The old man lit the barbecue with a snap of his fingers, and the flames danced with an almost supernatural enthusiasm. Each leaping spark seemed to form little demons that whirled in the air before vanishing in ghoulish laughter. As the cat meowed for the last time, the wind whispered dark secrets that seemed to rise from the cracks of a world that no longer made sense.

-Let's toast! -Trump shouted, raising his glass to the cameras broadcasting live to a global audience of frightened slaves and crazed fanatics. To World War III, which will prove once and for all that the Earth is flat, because we're going to flatten it until there's not a goddamn mountain left!

The old man began to cut the cat with a dexterity that could only have been learned on Anibal Lechter's YouTube channel. All around, councilors were helping themselves to chunks of charred meat from what had once been a herd of robotic pigs, genetically modified to sing the national anthem before being slaughtered.

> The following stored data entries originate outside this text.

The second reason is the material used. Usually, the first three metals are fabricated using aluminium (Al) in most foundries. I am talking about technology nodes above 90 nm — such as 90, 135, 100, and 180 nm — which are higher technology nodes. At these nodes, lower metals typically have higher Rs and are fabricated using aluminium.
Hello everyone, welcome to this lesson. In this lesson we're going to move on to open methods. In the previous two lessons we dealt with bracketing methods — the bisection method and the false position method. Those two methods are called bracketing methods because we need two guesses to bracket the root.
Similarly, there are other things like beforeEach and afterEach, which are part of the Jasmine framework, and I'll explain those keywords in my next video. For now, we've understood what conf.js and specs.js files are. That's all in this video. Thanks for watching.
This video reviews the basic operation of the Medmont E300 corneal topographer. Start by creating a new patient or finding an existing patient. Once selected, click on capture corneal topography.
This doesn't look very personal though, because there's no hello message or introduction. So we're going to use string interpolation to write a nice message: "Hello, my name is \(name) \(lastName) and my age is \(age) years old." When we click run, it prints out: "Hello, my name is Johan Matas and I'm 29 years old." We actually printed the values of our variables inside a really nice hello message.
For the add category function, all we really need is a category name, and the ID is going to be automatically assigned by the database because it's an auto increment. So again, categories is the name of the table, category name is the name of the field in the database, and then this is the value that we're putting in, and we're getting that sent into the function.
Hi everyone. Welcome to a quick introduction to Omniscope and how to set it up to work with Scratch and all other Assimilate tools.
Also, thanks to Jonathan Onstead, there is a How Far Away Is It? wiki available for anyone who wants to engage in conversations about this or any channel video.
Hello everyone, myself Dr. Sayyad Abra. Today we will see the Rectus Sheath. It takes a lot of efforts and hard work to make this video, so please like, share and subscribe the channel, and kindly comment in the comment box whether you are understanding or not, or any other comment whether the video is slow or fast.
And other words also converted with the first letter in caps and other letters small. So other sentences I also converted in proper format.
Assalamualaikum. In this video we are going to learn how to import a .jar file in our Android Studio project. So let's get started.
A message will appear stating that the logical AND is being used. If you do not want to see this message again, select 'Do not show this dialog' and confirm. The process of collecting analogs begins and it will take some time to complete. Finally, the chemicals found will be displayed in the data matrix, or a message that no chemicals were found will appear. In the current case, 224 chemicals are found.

Drone shadows danced over the lawn, casting chaotic images on the walls of the White House. Trump, his mouth full of meat, pointed to the horizon where a giant nuclear steamroller was slowly advancing eastward, leveling everything in its path.

-There you have it! -He shouted, with sizzling, sticky hot barbecue sauce dripping from his chin. The ultimate proof that I was right! Somebody call Elon Musk to make a rocket and paint it my favorite color: nuclear gold!

In the sky, propaganda holograms continued to repeat oxymorons as the world crumbled. Bombs fell, shadows faded into a glow beyond white, and at the center of it all, a demented old man devoured what was left of humanity, one bite at a time.

And so, amidst the barbecue of the apocalypse and the unbridled madness of a president obsessed with his own reflection and the dimensions of his watering cylinder, the world slid into an abyss where reality, the grotesque and the comical merged in an endless spiral of shame.